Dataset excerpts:
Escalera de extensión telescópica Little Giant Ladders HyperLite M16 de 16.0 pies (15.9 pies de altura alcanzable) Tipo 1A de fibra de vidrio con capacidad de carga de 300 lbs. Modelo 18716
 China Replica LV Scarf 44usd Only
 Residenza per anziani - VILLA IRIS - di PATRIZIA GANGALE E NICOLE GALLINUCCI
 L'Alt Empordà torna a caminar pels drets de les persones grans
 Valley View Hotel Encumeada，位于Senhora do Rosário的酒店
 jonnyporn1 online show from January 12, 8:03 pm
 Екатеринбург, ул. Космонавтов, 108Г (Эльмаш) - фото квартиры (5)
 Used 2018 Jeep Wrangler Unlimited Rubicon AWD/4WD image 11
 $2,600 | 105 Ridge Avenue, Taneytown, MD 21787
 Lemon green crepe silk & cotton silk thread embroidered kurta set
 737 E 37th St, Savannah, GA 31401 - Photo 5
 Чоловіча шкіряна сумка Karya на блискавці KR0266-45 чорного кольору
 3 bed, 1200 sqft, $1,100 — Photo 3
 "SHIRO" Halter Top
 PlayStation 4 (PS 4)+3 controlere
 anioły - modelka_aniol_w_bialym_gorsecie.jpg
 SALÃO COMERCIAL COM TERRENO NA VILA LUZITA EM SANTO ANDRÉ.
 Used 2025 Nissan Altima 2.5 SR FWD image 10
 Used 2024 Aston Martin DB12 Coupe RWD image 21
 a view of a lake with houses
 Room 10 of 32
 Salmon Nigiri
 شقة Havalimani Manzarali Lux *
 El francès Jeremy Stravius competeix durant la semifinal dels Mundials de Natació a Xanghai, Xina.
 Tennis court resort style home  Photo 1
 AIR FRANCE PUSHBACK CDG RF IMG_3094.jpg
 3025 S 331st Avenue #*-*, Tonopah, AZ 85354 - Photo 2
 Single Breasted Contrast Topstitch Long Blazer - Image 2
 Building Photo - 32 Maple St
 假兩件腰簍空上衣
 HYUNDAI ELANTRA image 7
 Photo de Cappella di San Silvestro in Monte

Exercise directions:
Beginning at the line with "a view of a lake with houses" and stopping after the line with "AIR FRANCE PUSHBACK CDG RF IMG_3094.jpg", please write out every line of the data above exactly and nothing else.

Exercise output:
 a view of a lake with houses
 Room 10 of 32
 Salmon Nigiri
 شقة Havalimani Manzarali Lux *
 El francès Jeremy Stravius competeix durant la semifinal dels Mundials de Natació a Xanghai, Xina.
 Tennis court resort style home  Photo 1
 AIR FRANCE PUSHBACK CDG RF IMG_3094.jpg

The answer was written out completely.